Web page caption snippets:
*** Begin section ***
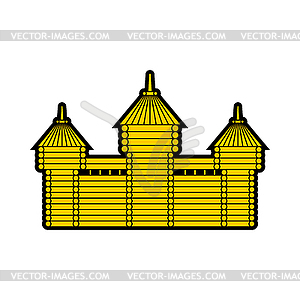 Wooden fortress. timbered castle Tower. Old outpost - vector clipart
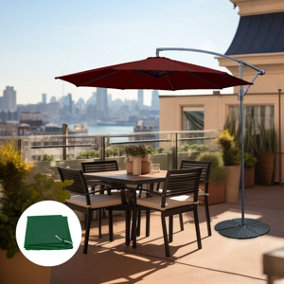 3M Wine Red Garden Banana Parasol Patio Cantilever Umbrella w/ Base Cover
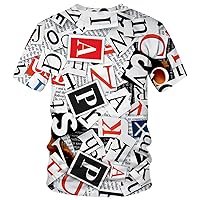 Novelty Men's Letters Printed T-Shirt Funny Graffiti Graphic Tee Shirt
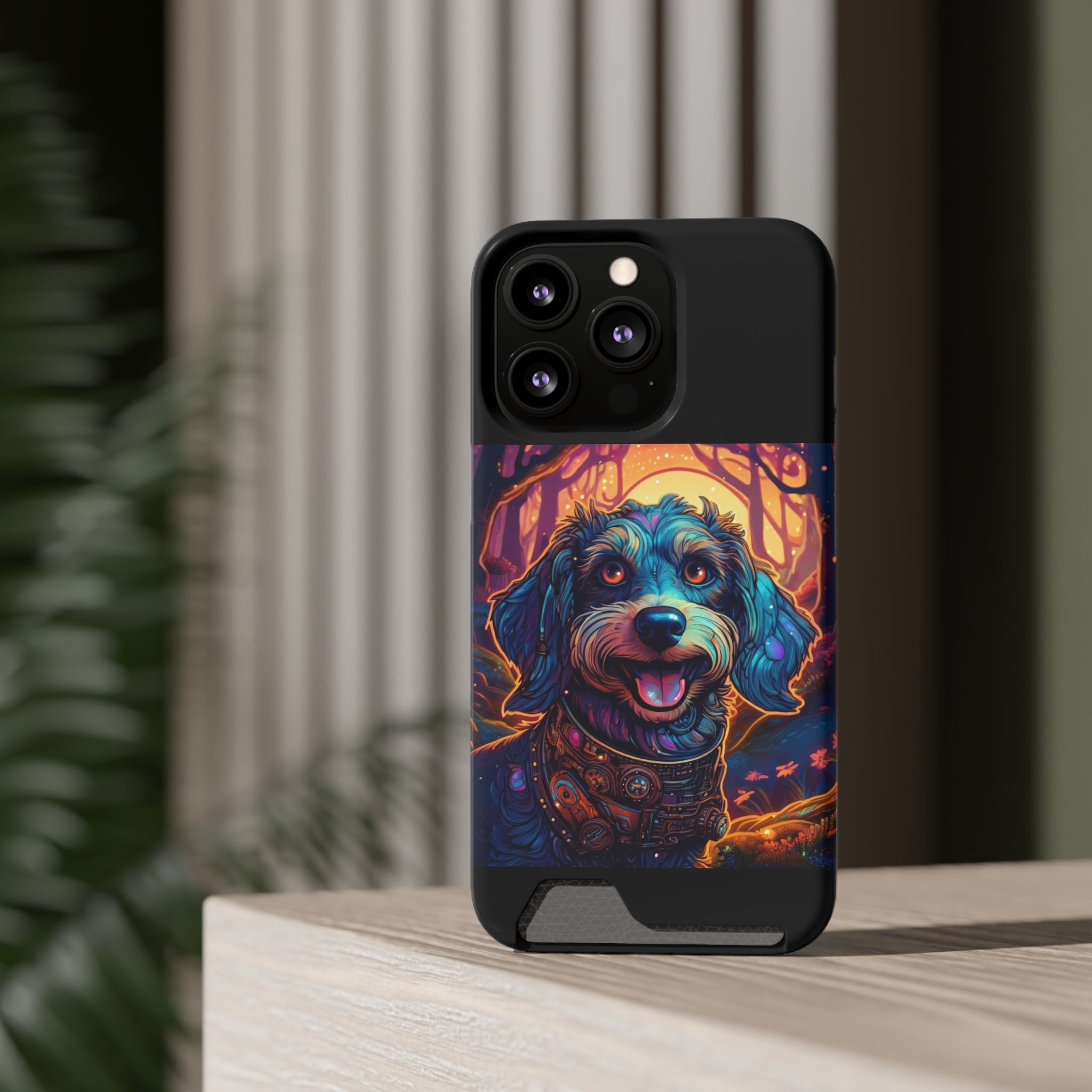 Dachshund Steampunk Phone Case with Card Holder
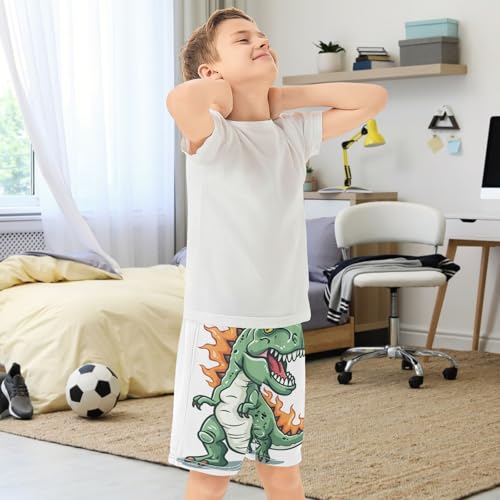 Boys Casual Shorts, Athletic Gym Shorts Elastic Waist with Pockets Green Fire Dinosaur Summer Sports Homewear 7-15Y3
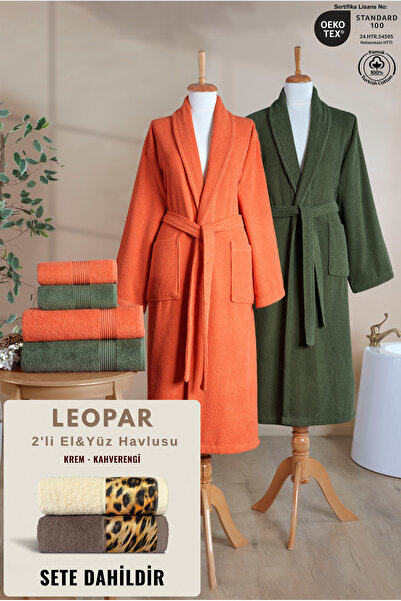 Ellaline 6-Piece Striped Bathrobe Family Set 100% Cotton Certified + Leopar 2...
*** End section ***
### Task requirements
Every line from the one with "Dachshund Steampunk Phone" to the end of the records above should be restated word for word, and no picture belongs in the copy.

### Output for this task
 Dachshund Steampunk Phone Case with Card Holder
 Boys Casual Shorts, Athletic Gym Shorts Elastic Waist with Pockets Green Fire Dinosaur Summer Sports Homewear 7-15Y3
 Ellaline 6-Piece Striped Bathrobe Family Set 100% Cotton Certified + Leopar 2...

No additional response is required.